La carte du livre régional

Car la maison Slatkine résiste dans un contexte chahuté. Le patriarche peut s’enorgueillir d’une participation dans Servidis – diffuseur de 350 éditeurs francophones. D’un filon dédié aux livres illustrés régionaux – même si le genre s’essouffle. D’un café littéraire, rue des Chaudronniers à Genève, où il fait bon démêler les souvenirs. A Paris, il possède sa librairie, à deux foulées du Jardin du Luxembourg, au nom d’Honoré Champion – maison d’édition savante qu’il a rachetée au début des années 1970.

La conquête du marché francophone

Et puis le grand cerf a encore des audaces: en 2016, il lançait la collection Slatkine & CIE, histoire d’attaquer le marché francophone en privilégiant des auteurs grand public, mais de qualité. «Il a compris que c’était la seule façon de continuer à nous développer, parce que le marché romand est petit», explique Ivan qui tient aujourd’hui la barre avec son frère Michel-Igor.

Mendel Slatkine, fils de rabbin

Qu’en dirait Mendel? Il applaudirait cette extension du territoire. Lui-même n’a cessé de renaître de ses cendres, raconte Michel-Edouard. Il naît en 1875 à Rostov-sur-le-Don, cette ville où les cosaques toisent les navigateurs, cette ville qui est une Babel magnétique, souffle l’historien Christophe Vuilleumier dans le chapitre éclairant qu’il consacre, dans le livre-anniversaire, à Menahem Mendel Slatkin – le «e» est un effet de la francisation du nom. Ce dernier a le don des langues. Son père, rabbin, voit en lui son successeur.

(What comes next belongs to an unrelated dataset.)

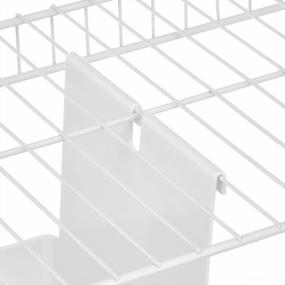 img 2 attached to MDesign White Hanging Closet Organizer Tray With 5 Compartments For Sunglasses, Wallets, Clutch Purses, And Accessories, Grypp Collection - Space-Saving Divider Hangs Below Shelving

Mais il meurt et Menahem Mendel, qui ne croit en rien qu’en son destin, doit prendre en charge les siens.

La barbarie des pogroms

Les sirènes des cargos lui donnent des idées: il n’a pas 30 ans et il lance une société d’assurance spécialisée dans le transport maritime. L’affaire roule. Mais les synagogues brûlent. L’antisémitisme fait des ravages dans une Russie tsariste qui fuit comme une vieille outre. Où sauvegarder la famille? En France? En Suisse? Mendel et Sonia Slatkin Goldberg s’installent à Genève en 1905. «Il continuait à s’occuper de ses affaires à Rostov-sur-le-Don, tout en enrichissant sa bibliothèque, sa passion héritée de son propre père», dit Michel-Edouard Slatkine.

La ruine à Genève

Mendel porte beau, il a des élans dignes d’un héros de Tolstoï. Mais la Grande Guerre, que tout le monde voit courte, fauche ses ailes. En 1918, il perd sa fortune dans l’effondrement de son pays natal. Pour survivre, il va vendre ses livres – ce qu’il avait commencé à faire dès 1914. Au cœur de la Vieille-Ville, un local se libère, rue des Chaudronniers. Il y loge sa cargaison littéraire, mais doit bientôt déménager, juste en face, pour un espace plus grand – l’actuel café littéraire.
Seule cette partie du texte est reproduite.